Boisseau’s use of theory in subsequent chapters, particularly those of the fetish, cross-dressing and the masquerade expounded in “Masquerading as the Subject of Feminism,” is quite convincing. After giving an overview of the scholarship dealing with the theory of the fetish, she examines the social practices and psycho-sexual processes presenting French-Sheldon’s female audiences with a way to construct a feminist position by identifying with her “as an exceptionally feminine heroine participating in the typically masculine realms of exploration and travel-writing, French-Sheldon fit the notion of the masquerade as it was conceptualized by Freudian analysis” [166], claims Boisseau. She became a feminist fetish, the author concludes, thanks to her costume, which resorted on the hyperbolization of femininity, and because new female models were erected and their images manufactured by the media industry; moving from margin to center, the emancipated woman was increasingly portrayed in films. Boisseau gives an interesting reading of the erotic excitement surrounding French-Sheldon’s public appearances in the light of feminist film theory in “The Queen, the Sheik, the Sultana, and the Female Spectator,” showing how she elicited lesbian desire on the part of her audience: by assuming the phallus, overcoming woman’s “lack,” her cross-dressing enabled her to become what Boisseau compares to a sex goddess.

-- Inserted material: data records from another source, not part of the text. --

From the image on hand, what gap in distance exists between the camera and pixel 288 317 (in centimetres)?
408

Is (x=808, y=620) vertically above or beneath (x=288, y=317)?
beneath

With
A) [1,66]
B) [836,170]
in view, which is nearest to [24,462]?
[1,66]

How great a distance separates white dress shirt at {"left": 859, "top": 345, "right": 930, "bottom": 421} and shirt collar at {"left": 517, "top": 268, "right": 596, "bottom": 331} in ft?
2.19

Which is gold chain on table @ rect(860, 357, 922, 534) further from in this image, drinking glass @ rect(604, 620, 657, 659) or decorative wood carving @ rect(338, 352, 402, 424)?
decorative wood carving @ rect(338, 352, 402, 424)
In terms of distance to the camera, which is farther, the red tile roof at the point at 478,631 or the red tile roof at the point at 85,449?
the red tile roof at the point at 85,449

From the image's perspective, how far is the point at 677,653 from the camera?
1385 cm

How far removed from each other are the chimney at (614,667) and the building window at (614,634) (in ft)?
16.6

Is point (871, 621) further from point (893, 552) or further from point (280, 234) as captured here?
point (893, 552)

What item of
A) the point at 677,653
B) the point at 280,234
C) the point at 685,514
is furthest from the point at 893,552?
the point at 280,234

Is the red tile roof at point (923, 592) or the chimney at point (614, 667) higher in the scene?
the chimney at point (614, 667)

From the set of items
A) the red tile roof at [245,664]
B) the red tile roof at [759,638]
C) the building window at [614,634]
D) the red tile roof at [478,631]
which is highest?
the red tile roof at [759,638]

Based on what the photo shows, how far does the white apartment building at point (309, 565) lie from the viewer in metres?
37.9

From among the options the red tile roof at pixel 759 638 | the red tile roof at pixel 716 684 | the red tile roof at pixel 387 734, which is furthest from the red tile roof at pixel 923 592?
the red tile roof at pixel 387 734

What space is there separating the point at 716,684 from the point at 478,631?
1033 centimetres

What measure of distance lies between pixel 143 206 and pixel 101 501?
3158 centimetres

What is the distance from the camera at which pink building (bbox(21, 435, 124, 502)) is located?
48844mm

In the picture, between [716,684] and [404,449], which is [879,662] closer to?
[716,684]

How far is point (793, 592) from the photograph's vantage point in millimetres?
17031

White Queen contains about a dozen photographs of French Sheldon’s African trek and a couple of drawings of her famed costume. However, we could make a slight reproach regarding the author’s iconographic choices: the snapshots included in the volume merely illustrate a trip which was no feat from a scientific point of view and have little impact on the book’s argument. No photographs of French-Sheldon’s numerous stage performances during the later part of her life are provided, although chances are that their inclusion would have added depth to Boisseau’s analysis of her as a performer. Despite this minor fault, Boisseau’s book is a major contribution to the study of the relationship between feminism and colonial history, challenging previous interpretations of that highly colorful personality and bringing to light the weight that the interplay between race, class and gender on the one hand, and their representation in the media on the other hand, had on the construction of American feminism.